USDA’s monthly Cattle on Feed report is expected to confirm that feedlot supplies are much smaller than in 2012. The trend in placements will be something to watch as feedlots and producers struggle with high feeding costs but also higher feeder supplies outside of feedlots.
The USDA survey of feedlots with +1000 head capacity, which is due out on Friday, Feb. 22, is expected to show inventories of cattle on feed well below year-ago levels. Analysts polled by Dow Jones ahead of the report indicated that, on average, they expect feedlot inventories as of Feb. 1 to be down 6.2% from year-ago levels.
If correct, this decline in the inventory would imply that on-feed stocks are currently about 668,000 head smaller than they were a year ago, and 440,000 head smaller than the average for the past five years. This implies smaller supplies of fed cattle available for marketing going into the spring and smaller beef supplies.
While analysts were fairly close in their estimates of feedlot stocks, they were split in their views of feedlot placements in January. On average, the expectation is that feedlots placed the same number of cattle on feed this year as they did the previous year. About half of analysts polled indicated they expect feedlot placements to decline in January, likely reflecting the sharp pullback in live cattle futures outfront, and the high breakevens on cattle being placed on feed this winter.
June live cattle futures at the beginning of January were priced at around $132/cwt., but then declined by some 700 points in a matter of two weeks, dramatically changing the expected profitability on each animal placed on feed during that time. The decline in live cattle futures came at a time when corn prices were steady to higher. March corn futures at the start of January were hovering around $6.80/bu., but then gained about 7% for the month.
But only half of the analysts polled indicated they expected placements to be smaller than in January 2012. The other half of analysts had placements either at par or above year ago levels. High feed costs last fall caused feedlots to dramatically reduce the number of cattle placed on feed. Between July and December, feedlots placed 1.34 million fewer cattle than the previous year. The slowdown in the flow of cattle was significant enough that despite a 3% decline in the US calf crop in 2012, the supply of cattle outside of feedlots as of Jan. 1, 2013, was actually larger than it was the previous year.
The supply of feeder cattle outside of feedlots can be easily derived from the data in the semi-annual survey. Total supplies of calves under 500 lbs., and steers/heifers over 500 lbs., was 38.817 million head. From this, one needs to deduct the number of cattle that were on feed as of Jan. 1, which was 13.351 million head. As of Jan. 1, there were 25.466 million head of feeder cattle outside of feedlots, 0.7% more than a year ago. This larger supply of feeder cattle is expected to keep feedlot placements at or above year-ago levels.
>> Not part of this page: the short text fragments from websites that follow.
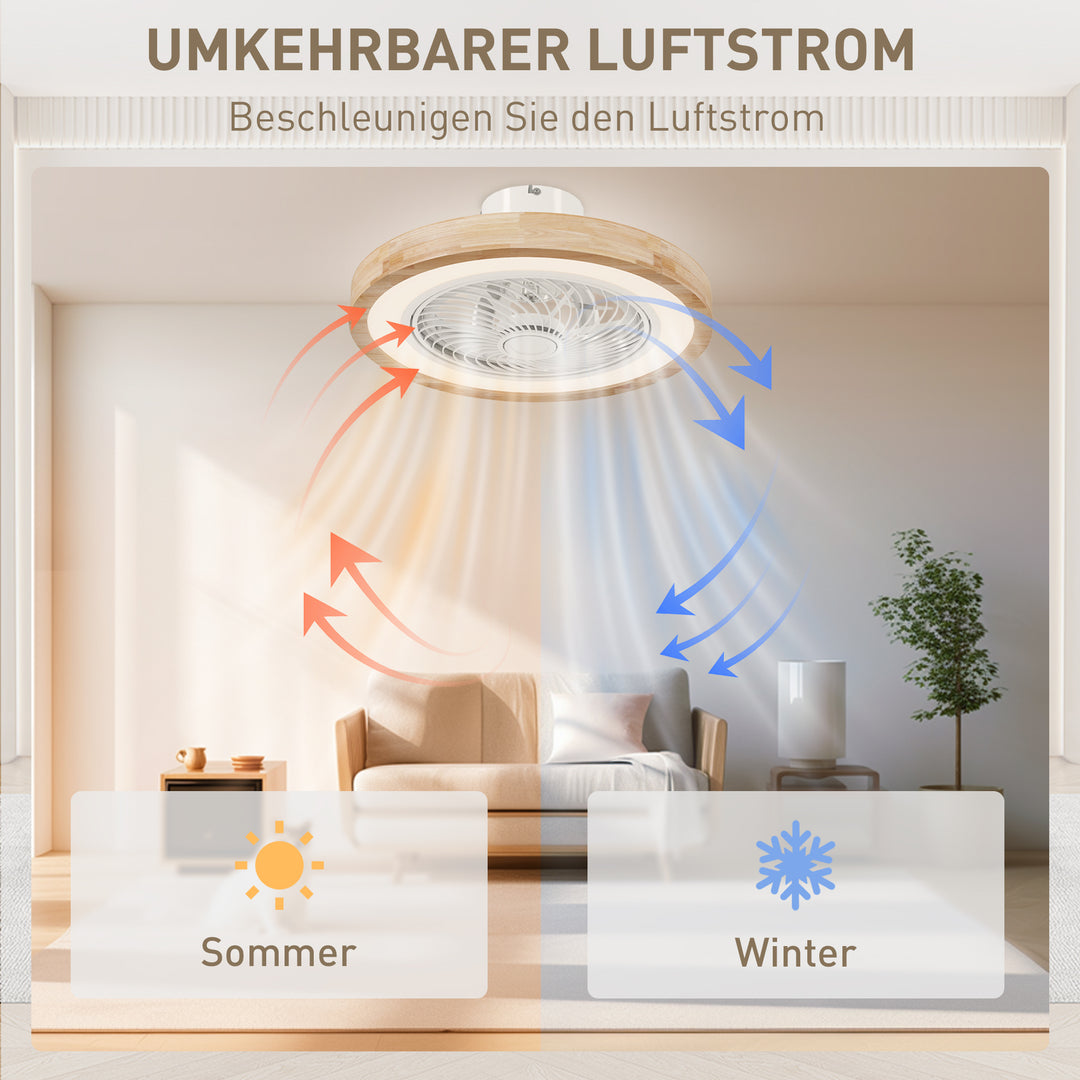 Loftventilator med lys og fjernbetjening, 6 hastigheder, justerbar lysstyrke, stille motor, lysebrun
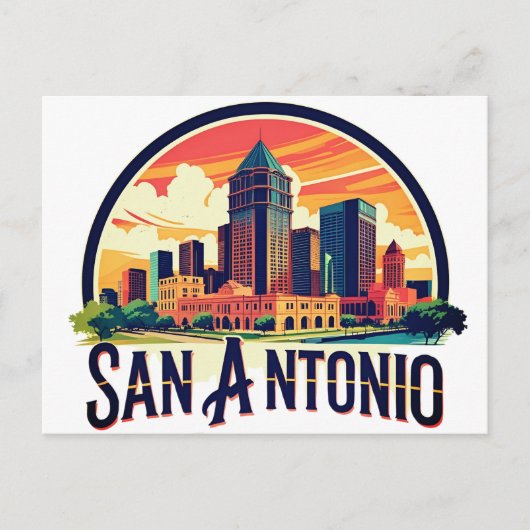 Skyline van San Antonio Texas Briefkaart (Voorkant)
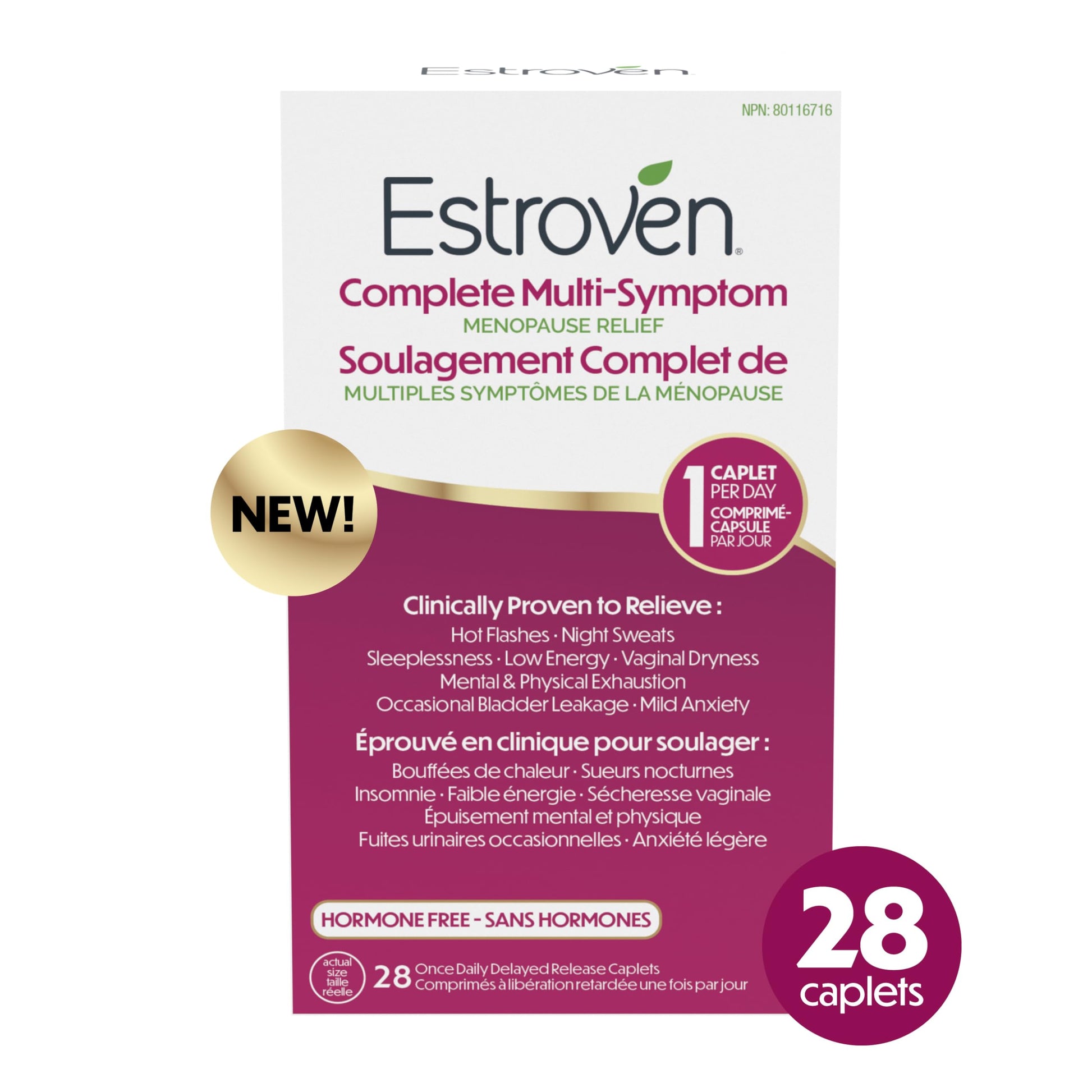 Estroven Complete Multi-Symptom Menopause Supplement for Women, 28 Ct., Clinically Proven Ingredient Provide Menopause Relief & Night Sweats & Hot Flash Relief* Drug-Free & Non-GMO - Available at All In One Marketplace Canada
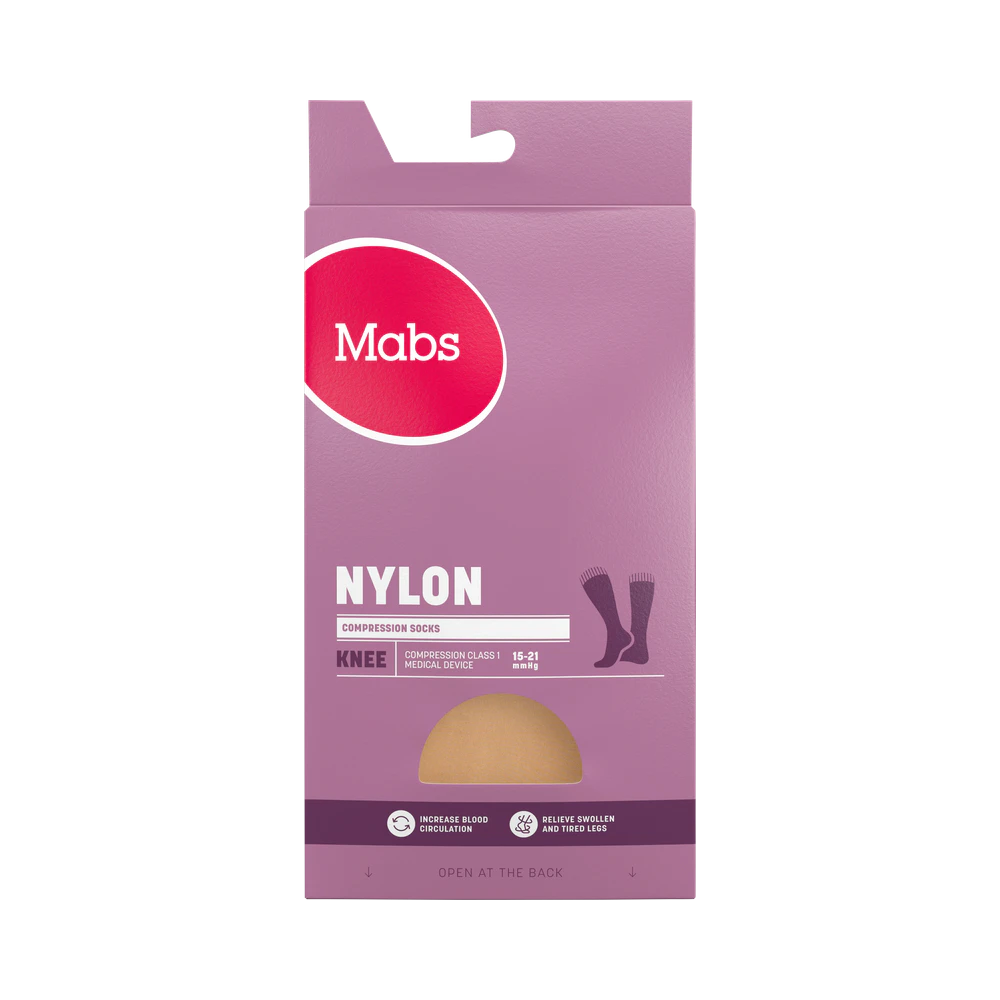 Mabs Nylon Knee Wide Sand S stödstrumpa 1 par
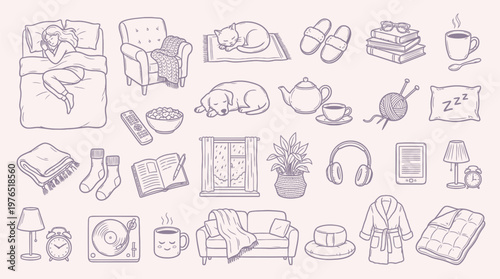 A charming collection of cozy home and relaxation elements, including sleeping figures, pets, books, and comfort items, presented in a soft, illustrative style.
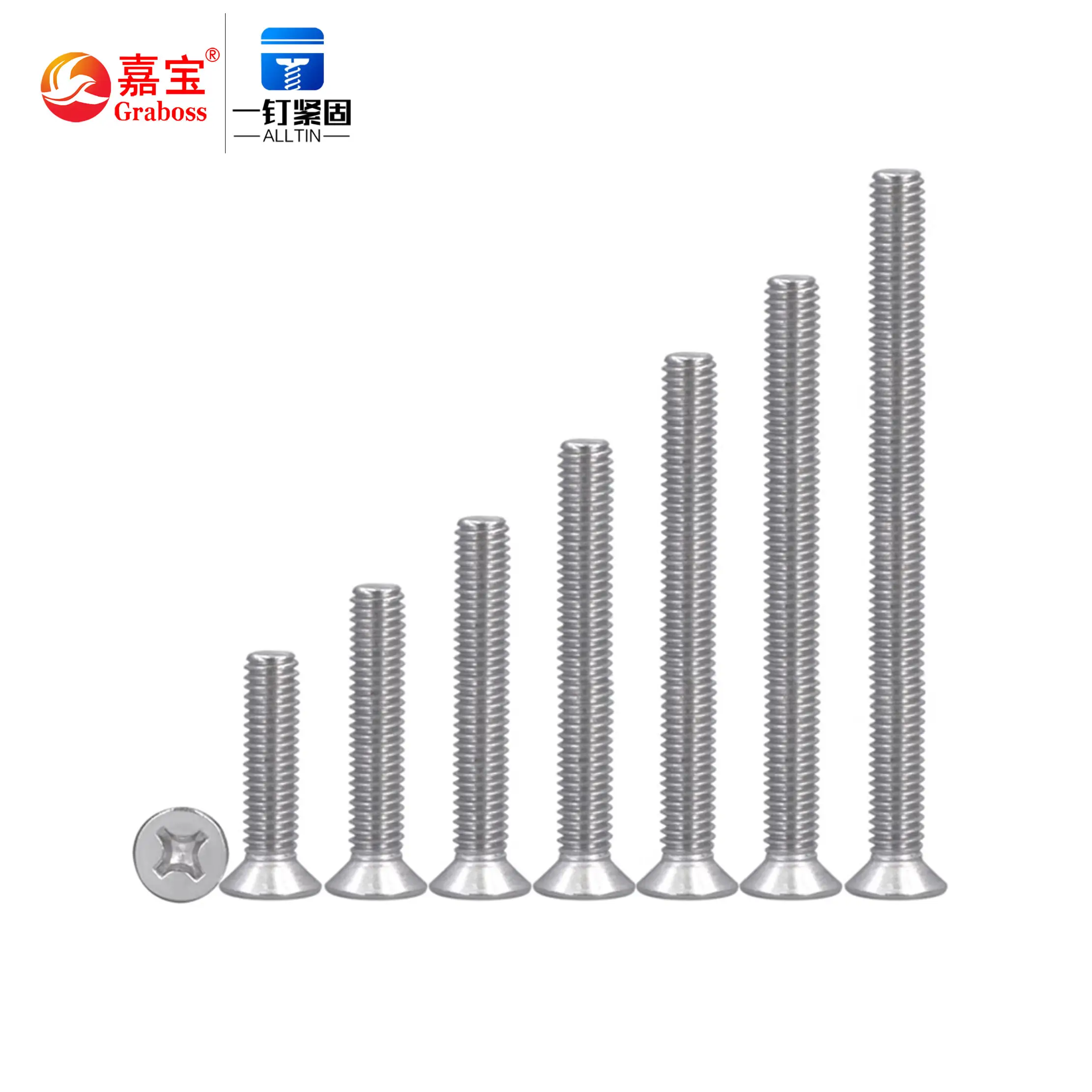 Manufacturers of 304 stainless steel extended switch socket panel screw countersunk head screw M2 M3 M4 M5 M6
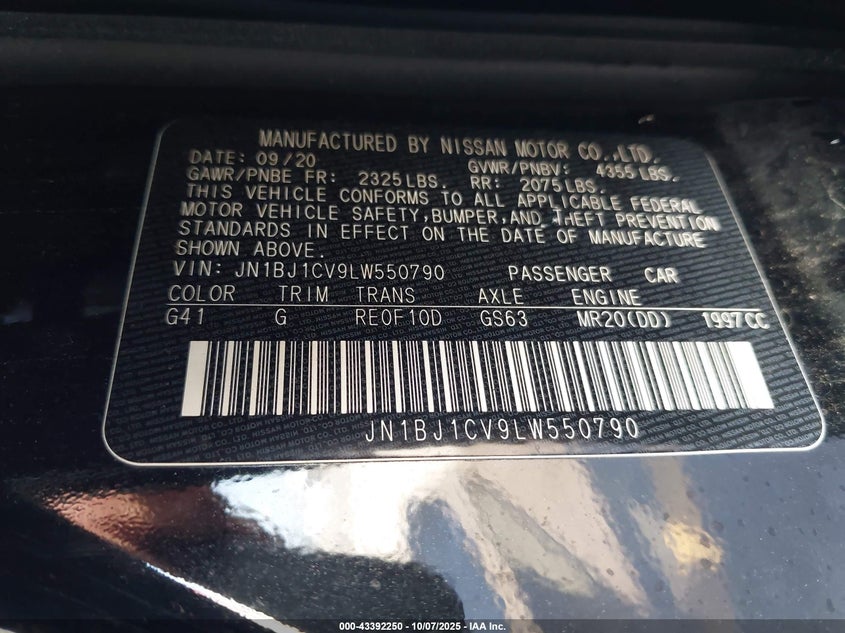 2020 Nissan Rogue Sport S Fwd Xtronic Cvt VIN: JN1BJ1CV9LW550790 Lot: 43392250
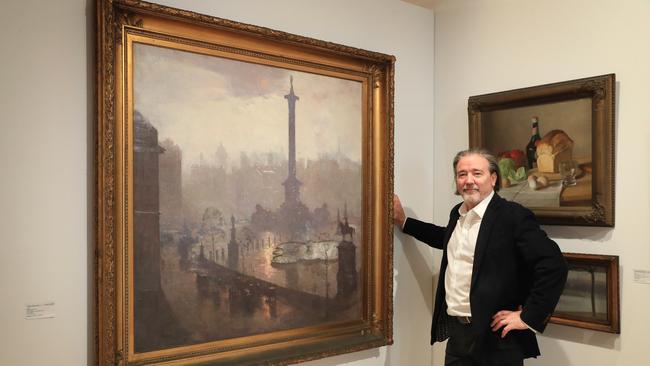Deutscher and Hackett co-director Damian Hackett with Arthur Streeton’s The Centre of The Empire (1902), which sold for $1.5m. Picture: John Feder / The Australian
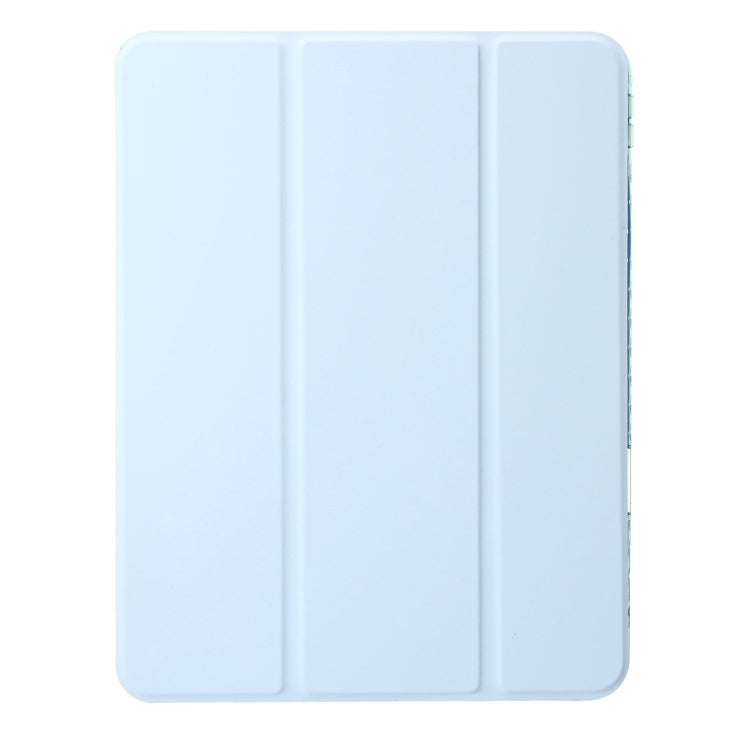 For iPad Air 11 2024 Clear Acrylic 3-Fold Leather Tablet Case(Ice Blue) - iPad Air 11 2024 Cases by PMC Jewellery | Online Shopping South Africa | PMC Jewellery | Buy Now Pay Later Mobicred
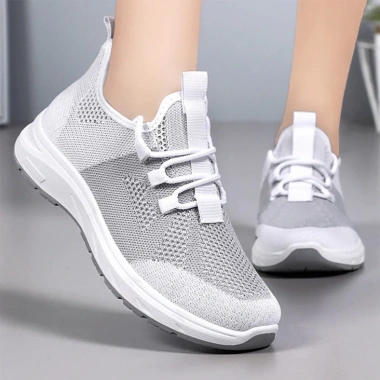 Giày Thể Thao Nữ Mặt Lưới Thiết Kế Phối Màu Thoáng Khí Nhẹ Mát Sang Trọng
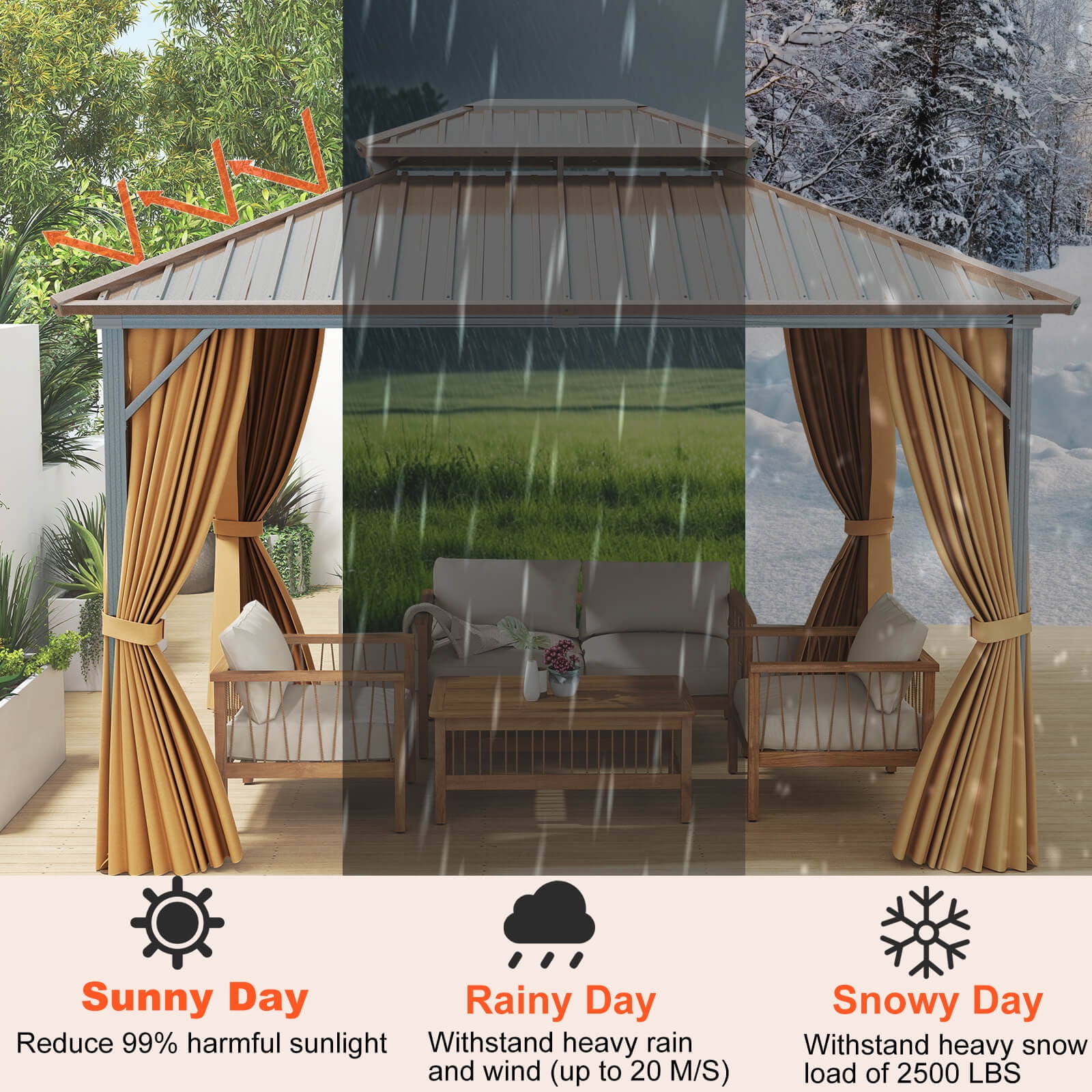 Costway 12 X 10 FT Hardtop Gazebo with  Netting Heavy-Duty Double-Roof Galvanized Metal Top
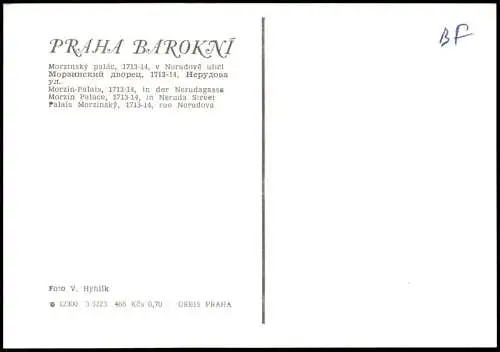 Prag Praha Morzinský palác, Morzin-Palais in der Nerudagasse 1970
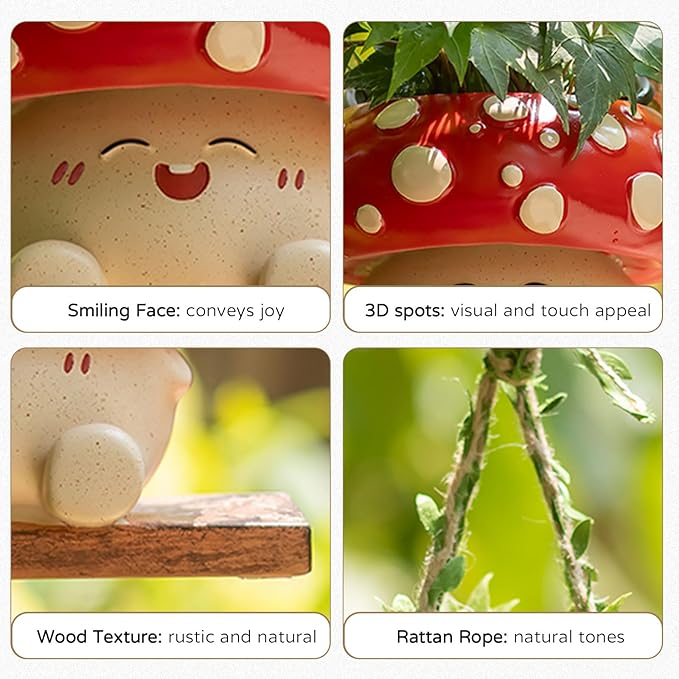 Mushroom Decor for Outdoor Garden: Gardening Plant Gifts for Women Mother Plant Lovers - 3.9inch Opening Cute Smiley Hanging Planter Pot with Drainage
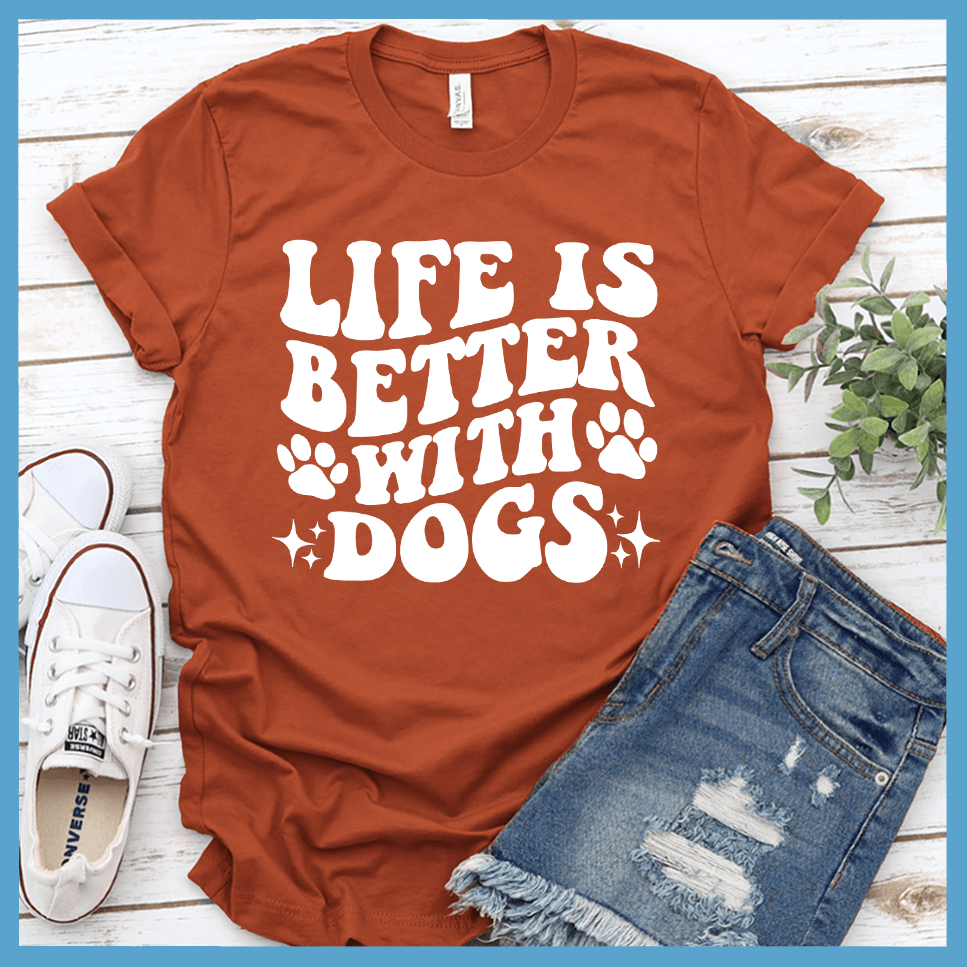 Life Is Better With Dogs Retro T-Shirt - Brooke & Belle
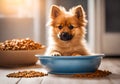 Cute puppy with a bowl of dog food and some food on the wooden flor. Royalty Free Stock Photo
There was one more marketing day in January 2013 than in January 2012, so keep that in mind when looking at the marketing numbers. Analysts expect the number of cattle marketed in January to be 4.7% larger than a year ago. When adjusting for the extra marketing day (i.e., calculating the daily average slaughter), cattle marketings in January are expected to be about the same as they were in 2012.
A Closer Look: Stage Is Set For Herd Expansion, But…
The bottom line is that USDA’s Cattle on Feed report is expected to confirm that feedlot supplies are much smaller than in 2012. The trend in placements will be something to watch as feedlots and producers struggle with high feeding costs but also higher feeder supplies outside of feedlots.
Also interesting to watch will be the composition of cattle placed on feed. The trend recently has been for heavier cattle to be placed on feed. The change in composition won’t impact the actual beef supply for the year but rather the marketing windows and flow of cattle in the coming quarters.